Fourier Transform 2 Real Functions with 1 DFT

First we recall the symmetry properties of the DFT. The DFT of $x[m]=x_r[m]+jx_i[m]$ is defined as

$$X[n] = \sum_{m=0}^{N-1} x[m]e^{-j2\pi mn/N}=\sum_{m=0}^{N-1} [x_r[m]+jx_i[m]] [cos(2\pi mn/N)-j\;sin(2\pi mn/N)]$$

$$= \sum_{m=0}^{N-1} [x_r[m]cos(\frac{2\pi mn}{N})+x_i[m]sin(\frac{2\... ... +j\sum_{m=0}^{N-1} [x_i[m]cos(\frac{2\pi mn}{N})-x_r[m]sin(\frac{2\pi mn}{N})]$$

$$= X_r[n]+jX_i[n]$$

where $X_r[n]$ and $X_i[n]$ are the real and imaginary part of the spectrum respectively. If $x[m]$ is real, i.e., $x_i[m] \equiv 0$, then we have

$$\left\{ \begin{array}{c} X_r[-n]=X_r[n] X_i[-n]=-X_i[n] \end{array} \right.$$

or

$$X[-n]=X_r[-n]+jX_i[-n]=X_r[n]-jX_i[n]=X^*[n]$$

If $x[m]$ is imaginary, i.e., $x_r[m] \equiv 0$, then we have

$$\left\{ \begin{array}{c} X_r[-n]=-X_r[n] X_i[-n]=X_i[n] \end{array} \right.$$

or

$$X[-n]=X_r[-n]+jX_i[-n]=-X_r[n]+jX_i[n]=-X^*[n]$$

Next we show how an arbitrary function $f(x)$ can be decomposed into the even and odd components $f_e(x)$ and $f_o(x)$:

$$\left\{ \begin{array}{c} f_e(x)=(f(x)+f(-x))/2=f_e(-x) f_o(x)=(f(x)-f(-x))/2=-f_o(-x) \end{array} \right.$$

and

$$f_e(x)+f_o(x)=f(x)$$

Now we are ready to show how to Fourier transform two real functions $x_1[m]$ and $x_2(m)$ to get their spectra $X_1[n]$ and $X_2[n]$ by one DFT.

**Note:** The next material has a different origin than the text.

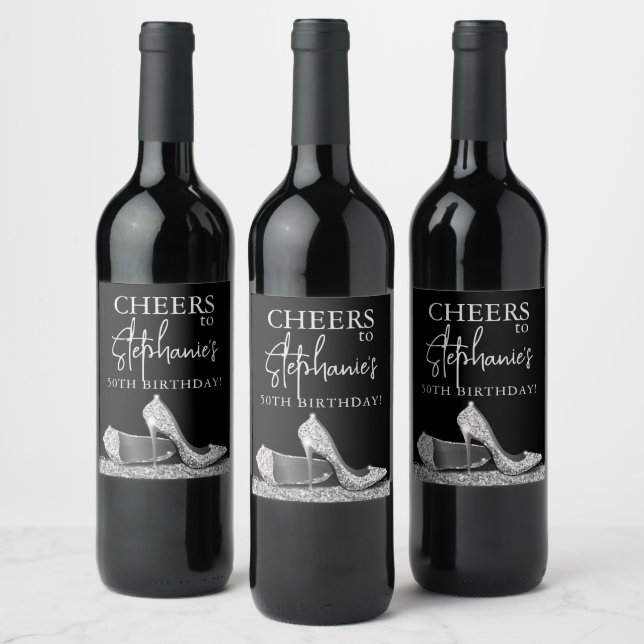 Silver and Black High Heel Shoes Cheers Custom Wine Label (Bottles)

1. Define a complex function $x[m]$ by the two real functions:
   
   $$x[m] \stackrel{\triangle}{=}x_1[m]+jx_2[m]$$
   
   
   Notice here that we impose $j$ on $x_2[m]$ to make it imaginary.
2. Find the DFT of $x[m]$
   
   $$DFT[x[m]]=X[n]=X_r[n]+jX_i[n]$$
   
   

3. Separate $X[n]$ into $X_1[n]$ and $X_2[n]$, the spectra of $x_1[m]$ and $x_2[m]$, using the symmetry properties discussed previously.
   • Since $x_1[m]$ is real, the real part of its spectrum $X_1[n]$ is the even component of $X_r[n]$ and the imaginary part of $X_1[n]$ is the odd component of $X_i[n]$, i.e.,
     
     $$X_1[n]=X_{1r}[n]+jX_{1i}[n]=\frac{X_r[n]+X_r[-n]}{2} +j\frac{X_i[n]-X_i[-n]}{2}$$
     
     

   • Since $jx_2[m]$ is imaginary, the real part of its spectrum $jX_2[n]$ is the odd component of $X_r[n]$ and the imaginary part of $jX_2[n]$ is the even component of $X_i[n]$, i.e.,
     
     $$jX_2[n]=j[X_{2r}[n]+jX_{2i}[n]]=\frac{X_r[n]-X_r[-n]}{2} +j\frac{X_i[n]+X_i[-n]}{2}$$
     
     
     Dividing both sides by $j$, we get
     
     $$X_2[n]=X_{2r}[n]+jX_{2i}[n]=\frac{X_i[n]+X_i[-n]}{2} -j\frac{X_r[n]-X_r[-n]}{2}$$
     
     

   Note that $X[-n]=X[N-n]$ because $X[n]$ is a periodic function.